5

I cannot understand the following output :

import re 

re.sub(r'(?:\s)ff','fast-forward',' ff')
'fast-forward'

According to the documentation :

Return the string obtained by replacing the leftmost non-overlapping occurrences of the pattern in string by the replacement repl.

So why is the whitespace included in the captured occurence, and then replaced, since I added a non-capturing tag before it?

I would like to have the following output :

' fast-forward'
plalanne
  • 1,010
  • 2
  • 13
  • 30

2 Answers2

7

The non-capturing group still matches and consumes the matched text. Note that consuming means adding the matched text to the match value (memory buffer alotted for the whole matched substring) and the corresponding advancing of the regex index. So, (?:\s) puts the whitespace into the match value, and it is replaced with the ff.

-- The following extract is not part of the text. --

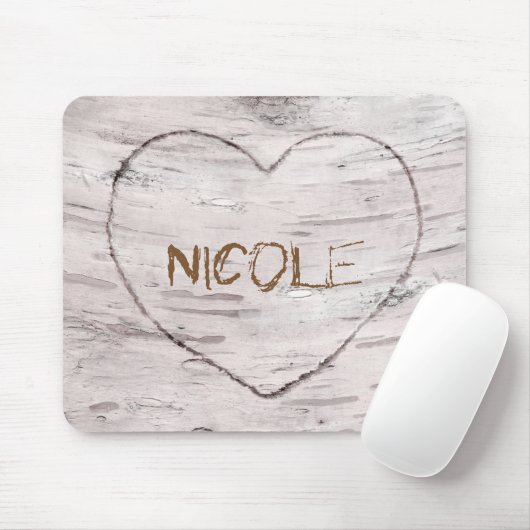Birch Tree Wood & Carved Heart Rustic Land Muismat (Met muis)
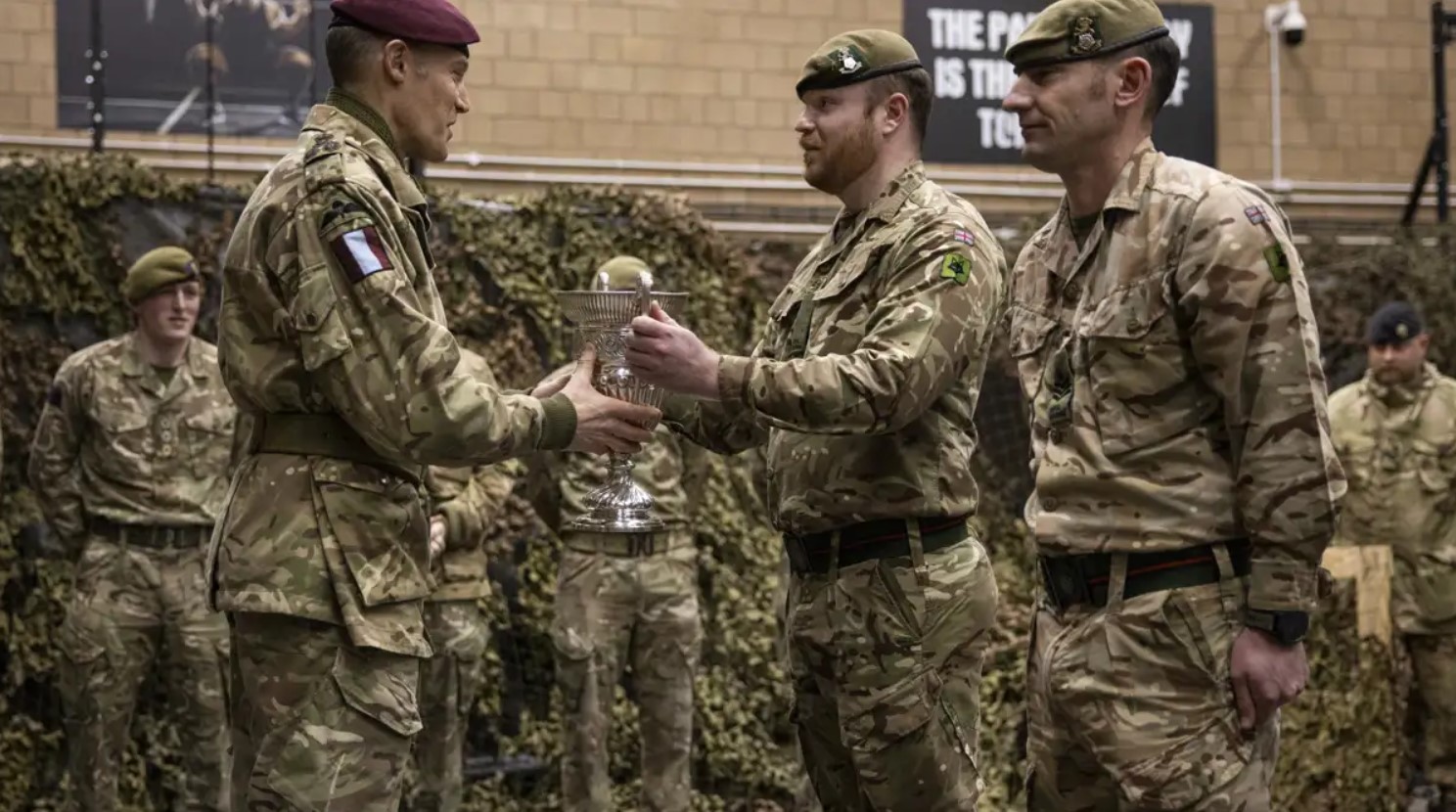 16 Brigade Commander Brigadier Mark Berry presents the competition trophy to winners 2 Royal Yorkshire Regiment CREDIT MOD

You want to use a look-behind to check for a pattern without consuming it:

re.sub(r'(?<=\s)ff','fast-forward',' ff')

See the regex demo.

An alternative to this approach is using a capturing group around the part of the pattern one needs to keep and a replacement backreference in the replacement pattern:

re.sub(r'(\s)ff',r'\1fast-forward',' ff')
         ^  ^      ^^ 

Here, (\s) saves the whitespace in Group 1 memory buffer and \1 in the replacement retrieves it and adds to the replacement string result.

See the Python demo:

import re 
print('"{}"'.format(re.sub(r'(?<=\s)ff','fast-forward',' ff')))
# => " fast-forward"
Wiktor Stribiżew
  • 607,720
  • 39
  • 448
  • 563
0

A non-capturing group still matches the pattern it contains. What you wanted to express was a look-behind, which does not match its pattern but simply asserts it is present before your match.

Although, if you are to use a look-behind for whitespace, you might want to consider using a word boundary metacharacter \b instead. It matches the empty string between a \w and a \W character, asserting that your pattern is at the beginning of a word.

import re

re.sub(r'\bff\b', 'fast-forward', ' ff') # ' fast-forward'

Adding a trailing \b will also make sure that you only match 'ff' if it is surrounded by whitespaces, not at the beginning of a word such as in 'ffoo'.

See the demo.

Olivier Melançon
  • 21,584
  • 4
  • 41
  • 73